Profex version 3.14 and newer: Select „Edit –> Edit current FPA configuration“.

The instrument configuration file will be opened in a special editor. Scroll down to the last section, until you find a block that looks like this:

%-----------------------------------------------------------------------------------------------
% Parameters for the simulation of the profile function
%-----------------------------------------------------------------------------------------------

% angular positions for the MonteCarlo simulation (°2theta)
zweiTheta[1]=4
zweiTheta[2]=8
zweiTheta[3]=13
zweiTheta[4]=20
zweiTheta[5]=30
zweiTheta[6]=42
zweiTheta[7]=56
zweiTheta[8]=76
zweiTheta[9]=90
zweiTheta[10]=105
zweiTheta[11]=120
zweiTheta[12]=135
zweiTheta[13]=150

% angular range (°2theta)
WMIN=4
WMAX=150

This shows the 2θ positions at which the profile is simulated (zweiTheta[n]), and the range in which the profile is interpolated (WMIN and WMAX). In this example, the peak profile was modelled in the range from 4 to 150° 2θ. Outside of this range, the profile is unknown. Hence, if a measured scan starting below 4° 2θ, or ending beyond 150° 2θ, is attempted to be refined, the error message „insufficient angular range“ will be shown.

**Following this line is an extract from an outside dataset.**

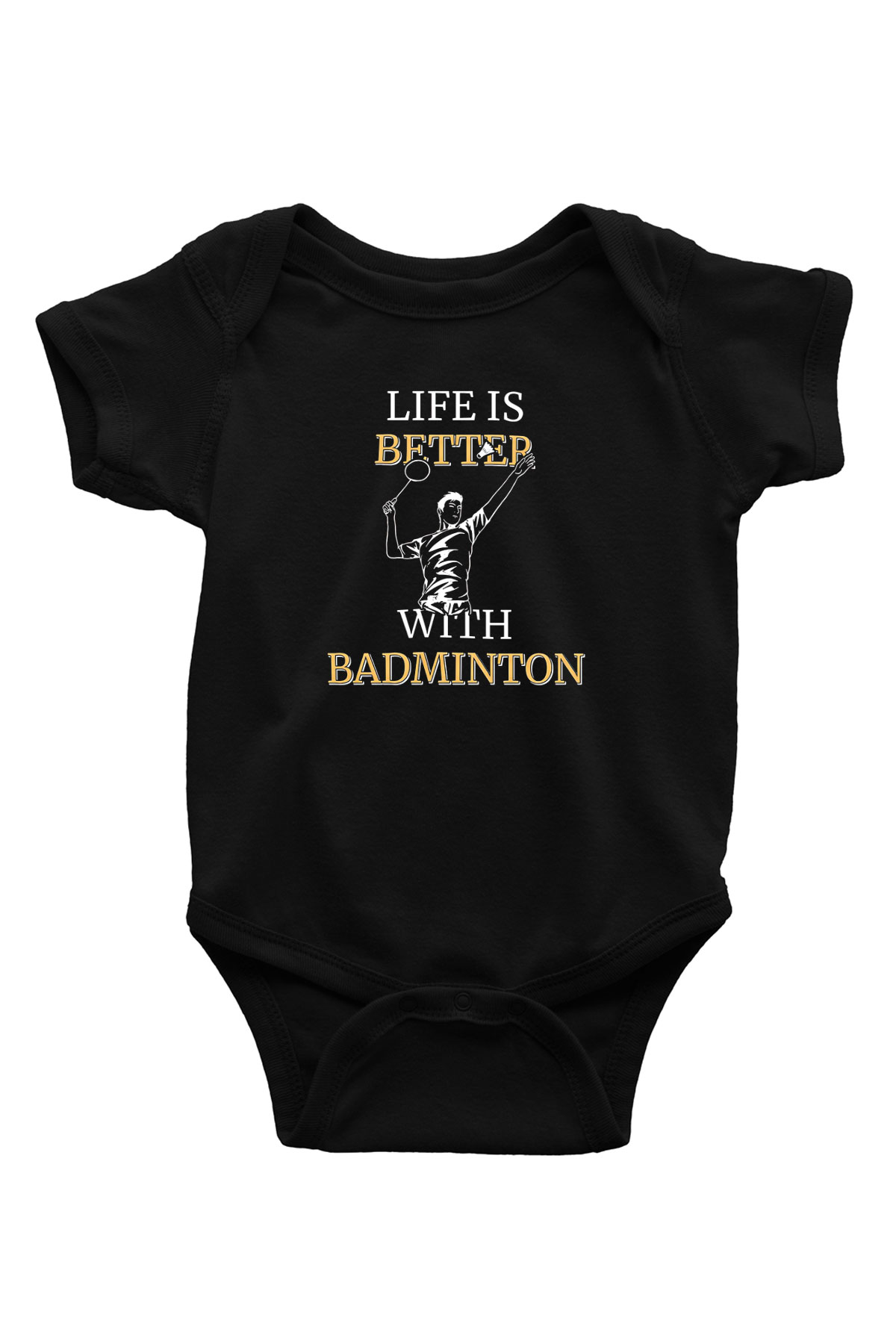 Badminton Baskılı Unisex Siyah Bebek Body - Zıbın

There are two different ways to avoid the error message:

  • Clip your measured data in order to ignore the measured ranges not covered by the instrument configuration file using the keywords WMIN and WMAX in the refinement control file (example 2).
  • Extend your instrument configuration file to cover at least the range you measured (example 3).

For a demonstration of the two solutions, we assume that the instrument was configured in the range from 4 to 150° 2θ, and we are attempting to refine a dataset measured from 3 to 80° 2θ.

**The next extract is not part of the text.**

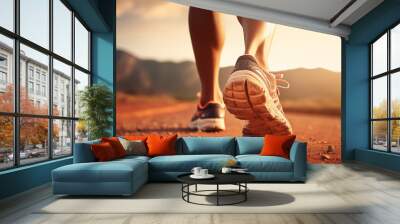 Athlete running sport feet on trail healthy lifestyle fitness. Wall mural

Clipping the measured scan

We need to clip the measured data below 4° 2θ, because it is outside of the valid range. In your refinement control file (*.sav), add the following lines:

WMIN=4
WMAX=150

Then repeat the refinement.

Extending the instrument configuration

We need to extend the range in the instrument configuration file from 4 to 3° 2θ. Open your instrument configuration file using the function „Edit –> Edit current FPA configuration…“ (or „Edit –> Edit FPA Configuration…“ in Profex versions prior to 3.14) and extend the angular range as follows:

%-----------------------------------------------------------------------------------------------
% Parameters for the simulation of the profile function
%-----------------------------------------------------------------------------------------------

% angular positions for the MonteCarlo simulation (°2theta)
zweiTheta[1]=3
zweiTheta[2]=4
zweiTheta[3]=8
...
zweiTheta[13]=135
zweiTheta[14]=150

% angular range (°2theta)
WMIN=3
WMAX=150

Then click „Run calculations“ to start the profile computation. Once it is complete, repeat the refinement. If it runs without error messages, and you want to keep the extended instrument configuration, copy all files <instrument>.* from your project directory to the devices repository.

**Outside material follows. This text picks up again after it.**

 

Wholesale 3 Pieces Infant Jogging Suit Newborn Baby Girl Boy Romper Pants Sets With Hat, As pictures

Note: In Profex prior to version 3.14, the „Edit FPA Configuration…“ dialog will open in the devices repository. It is important to navigate to the current refinement project first, and open the instrument configuration file found there. Once this version of the instrument configuration file works as expected, copy all <instrument>.* files from there to the devices repository to make it available to all future refinement projects.


My fit looks good, but χ2 is still high. What should I do?

Absolute χ2 values are not always a good indicator for the quality of a fit. They are strongly influenced by the signal-to-noise ratio. In high intensity datasets it is generally more difficult to reach a χ2 value close to 1.0, whereas it is easily reached in noisy datasets. For example, the following fit resulted in χ2 = 43.05:

On the other hand, the following fit resulted in χ2 = 1.08:

Both fits are excellent and cannot be improved any further, despite vast differences in χ2.

The evolution of χ2 during a refinement is a good indicator when comparing different refinement strategies. But absolute values can be misleading. Sometimes it is better to trust your eyes and assess the quality of fit based on the difference curve.